5 Management of the Group is responsible for preparing Digital Files that comply with the ESEF. This responsibility includes: the design, implementation and maintenance of internal control relevant to the application of the ESEF; the selection and application of appropriate iXBRL mark-ups; ensuring consistency between the Digital Files and the consolidated financial statements to be submitted in accordance with FSA norm no. 39/2015. Those charged with governance are responsible for overseeing the preparation of the Digital Files that comply with ESEF. (II) Auditor’s Responsibilities for Audit of the Digital Files Our responsibility is to express a conclusion on whether the consolidated financial statements included in the annual financial report complies in all material respects with the requirements of ESEF based on the evidence we have obtained. We conducted our reasonable assurance engagement in accordance with International Standard on Assurance Engagements 3000 (Revised), Assurance Engagements Other than Audits or Reviews of Historical Financial Information (ISAE 3000) issued by the International Auditing and Assurance Standards Board. Our firm applies International Standard on Quality Management 1 (“ISQM1”), and accordingly maintains a comprehensive system of quality control including documented policies and procedures regarding compliance with ethical requirements, professional standards and applicable legal and regulatory requirements. A reasonable assurance engagement in accordance with ISAE 3000 involves performing procedures to obtain evidence about compliance with ESEF. The nature, timing and extend of procedures selected depend on the auditor’s judgment, including the assessment of the risks of material departures from the requirements set out in ESEF, whether due to fraud or error.

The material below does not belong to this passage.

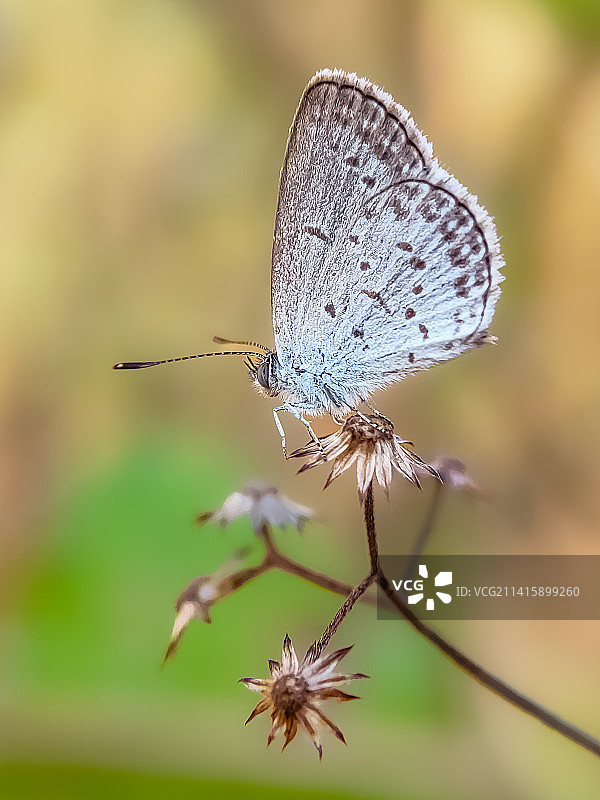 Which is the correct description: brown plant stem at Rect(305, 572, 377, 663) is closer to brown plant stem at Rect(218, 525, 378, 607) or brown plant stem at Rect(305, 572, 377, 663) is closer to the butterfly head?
brown plant stem at Rect(218, 525, 378, 607)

A reasonable assurance engagement includes: obtaining an understanding of the Group’s process for preparation of the digital files in accordance with ESEF, including relevant internal controls; reconciling the digital files including the marked-up data with the audited consolidated financial statements of the Group to be submitted in accordance with FSA Norm no. 39/2015; evaluating if all financial statements contained in the consolidated annual report have been prepared in a valid XHTML format; evaluating if the iXBRL mark-ups, including the voluntary mark-ups, comply with the requirements of ESEF.

6 We believe that the evidence we have obtained is sufficient and appropriate to provide a basis for our conclusion. In our opinion, the consolidated financial statements for the year ended 31 December 2025 included in the annual financial report in the Digital Files comply in all materials respects with the requirements of ESEF. In this section, we do not express an audit opinion, review conclusion or any other assurance conclusion on the consolidated financial statements. Our audit opinion relating to the consolidated financial statements of the Group for the year ended 31 December 2025 is set out in the “Report on the audit of the consolidated financial statements” section above. Irina Dobre, Audit Partner Registered in the Electronic Public Register of Financial Auditors and Audit Firms under AF 3344 On behalf of: DELOITTE AUDIT SRL Registered in the Electronic Public Register of Financial Auditors and Audit Firms under FA 25 The Mark Building, 84-98 and 100-102 Calea Griviței, 9 th Floor, District 1 Bucharest, Romania March 19, 2026 For signature, please refer to the original Romanian version.